If you have multiple disks or persistence media available it may be a good idea to split the store files and transaction logs across those disks. Having the store files running on disks with low seek time can do wonders for non cached read operations. Today a typical mechanical drive has an average seek time of about 5ms, this can cause a query or traversal to be very slow when available RAM is to low or caches and memory mapped settings are badly configured. A new good SATA enabled SSDs has an avg seek time of <100 microseconds meaning those scenarios will execute at least 50 times faster.
To avoid hitting disk you need more RAM. On a standard mechanical drive you can handle graphs with a few tens of millions of primitives with 1-2GB of RAM. 4-8GB of RAM can handle graphs with hundreds of millions of primitives while you need a good server with 16-32GB to handle billions of primitives. However, if you invest in a good SSD you will be able to handle much larger graphs on less RAM.
Neo4j likes Java 1.6 JVMs and running in server mode so consider upgrading to that if you haven't yet (or at least give the -server flag). Use tools like vmstat or equivalent to gather info when your application is running. If you have high I/O waits and not that many blocks going out/in to disks when running write/read transactions its a sign that you need to tweak your Java heap, Neo4j cache and memory mapped settings (maybe even get more RAM or better disks).
[edit] Second level caching
As mentioned in the Guidelines for Building a Neo App, "always assume the graph is in memory", but sometimes it is necessary to optimize certain performance critical sections. Neo4j adds a small overhead even if the node, relationship or property in question is cached when you compare to in memory data structures. If this becomes an issue use a profiler to find these hot spots and then add your own second-level caching. We believe second-level caching should be avoided to greatest extend possible since it will force you to take care of invalidation which sometimes can be hard. But when all else fails you have to use it so here is an example of how it can be done.
We have some POJO that wrapps a node holding its state. In this particular POJO we've overridden the equals implementation.

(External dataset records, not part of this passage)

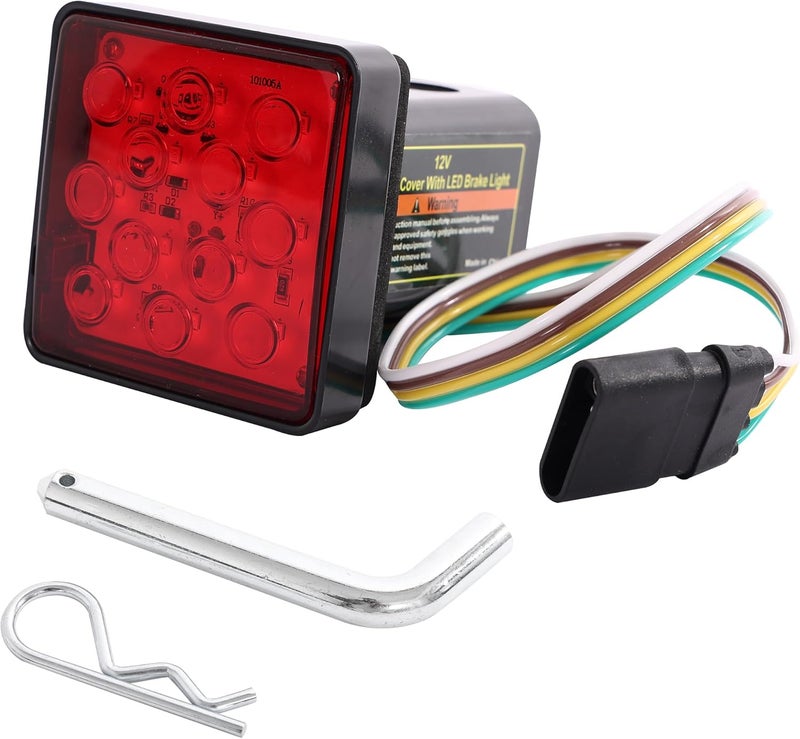MAXXHAUL غطاء وصلة المقطورة 50021 مع 12 مصباح LED ووظائف الفرامل والأضواء الخلفية، عبوة واحدة - Image 1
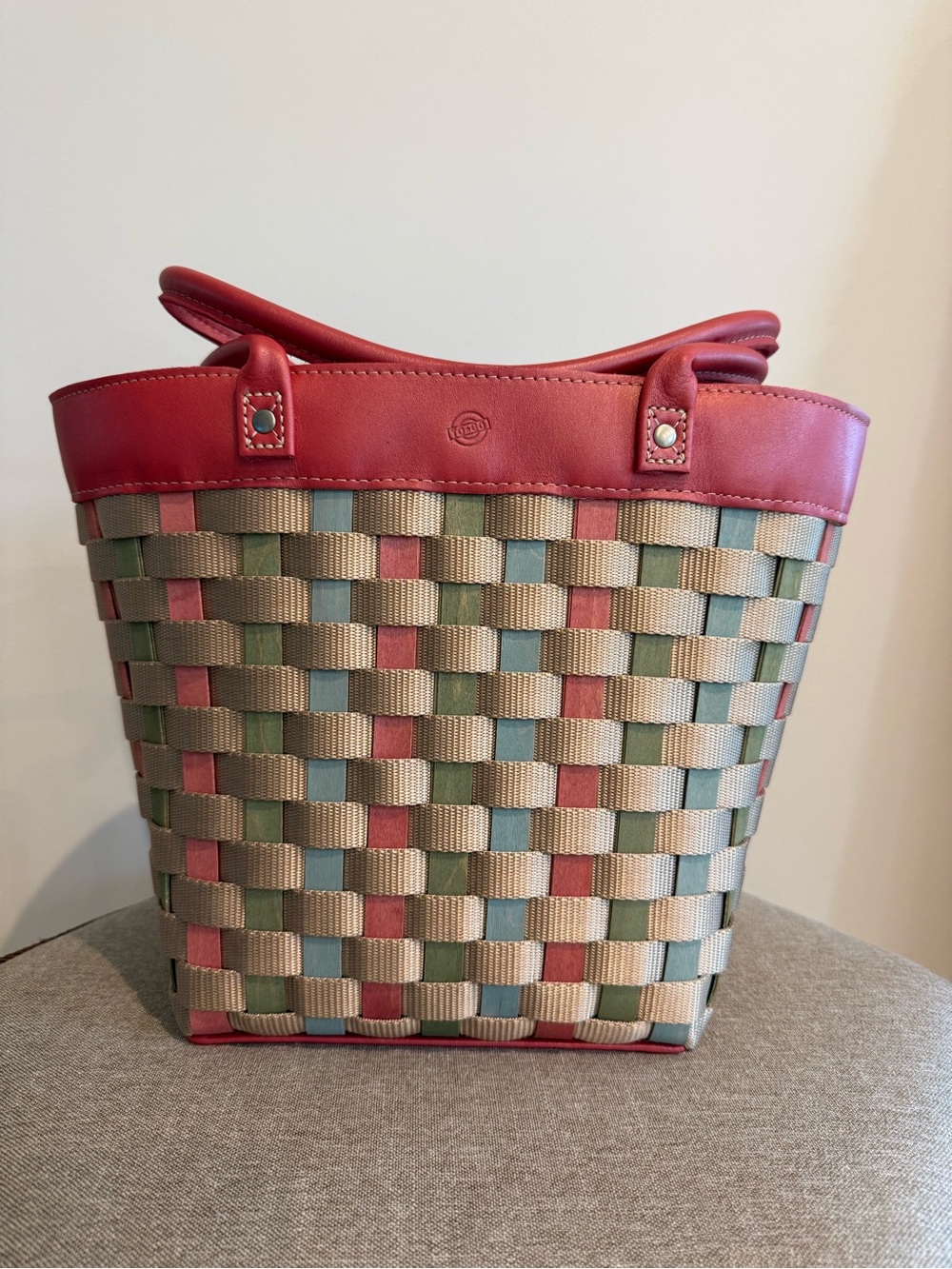 Longaberger TO GO MOTHER'S DAY BASKET Tote Purse Pink Leather Trim Floral Blooms
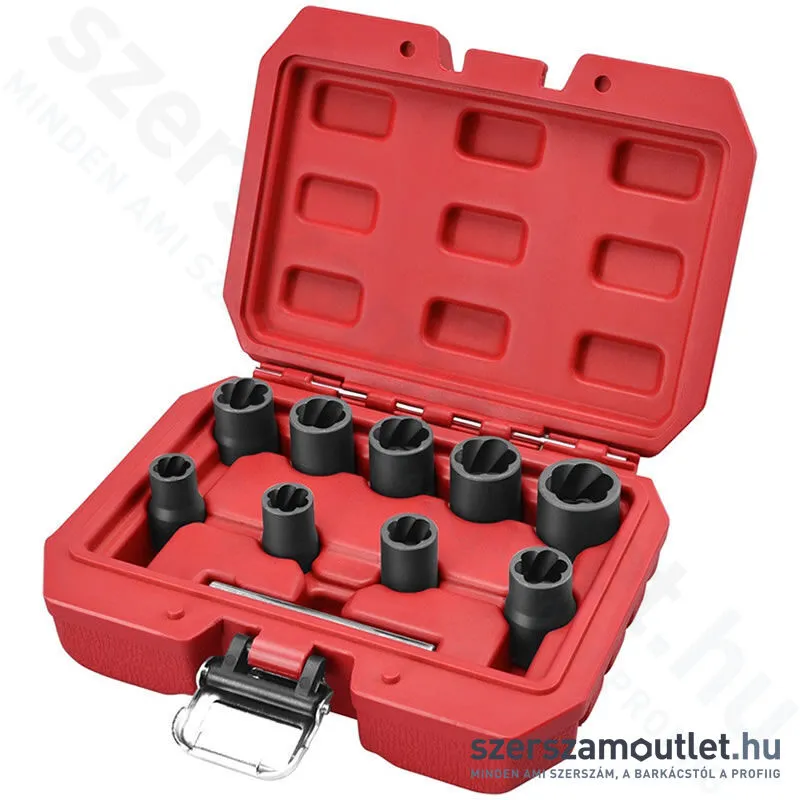 EXTOL Csavarkiszedő készlet 9 részes 3/8" (10-19mm)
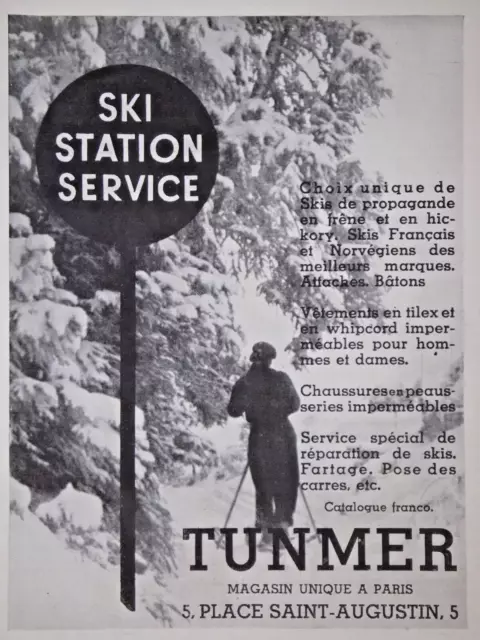 1933 Tunmer Ski Service Station Kis Ash & Hikory Press Advertisement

public boolean equals( Object obj )
{
return underlyingNode.getProperty( "some_property" ).equals( obj );
}
public int hashCode()
{
return underlyingNode.getProperty( "some_property" ).hashCode();
}
This works fine in most scenarios but in this particular scenario many instances of that POJO is being worked with in nested loops adding/removing/getting/finding to collection classes. Profiling the applications will show that the equals implementation is being called many times and can be viewed as a hot spot. Adding second-level caching for the equals override will in this particular scenario increase performance.

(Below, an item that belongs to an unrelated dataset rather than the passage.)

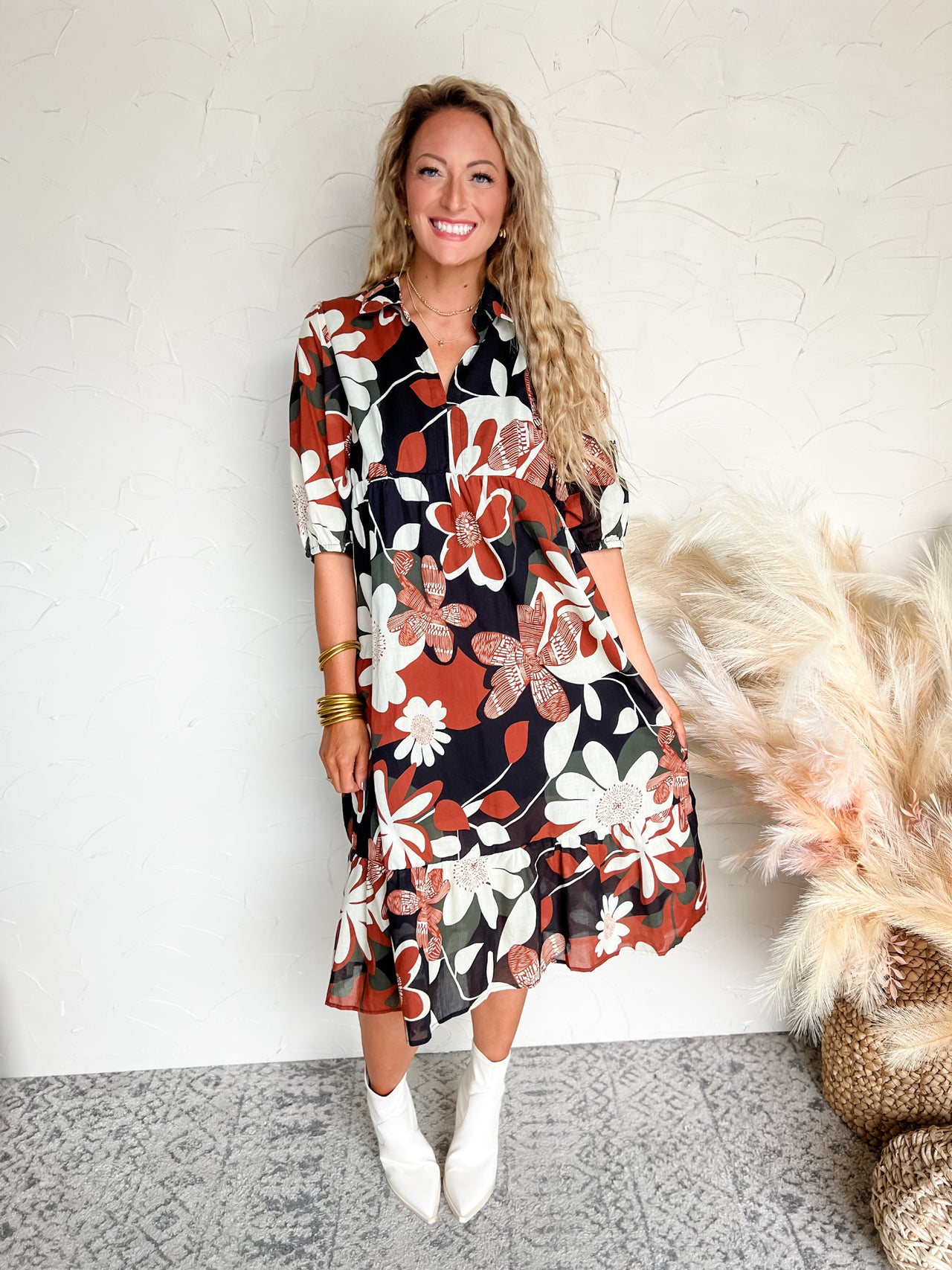 On The Move Floral Midi Dress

private Object cachedProperty = null;
public boolean equals( Object obj )
{
if ( cachedProperty == null )
{
cachedProperty = underlyingNode.getProperty( "some_property" );
}
return cachedProperty.equals( obj );
}
public int hashCode()
{
if ( cachedPropety == null )
{
cachedProperty = underlyingNode.getProperty( "some_property" );
}
return cachedProperty.hashCode();
}
Problem now is that we need to invalidate the cached property whenever the some_property is changed (may not be a problem in this scenario since the state picked for equals and hash code computation often won't change).
To sum up, avoid second-level caching if possible and only add it when you really need it.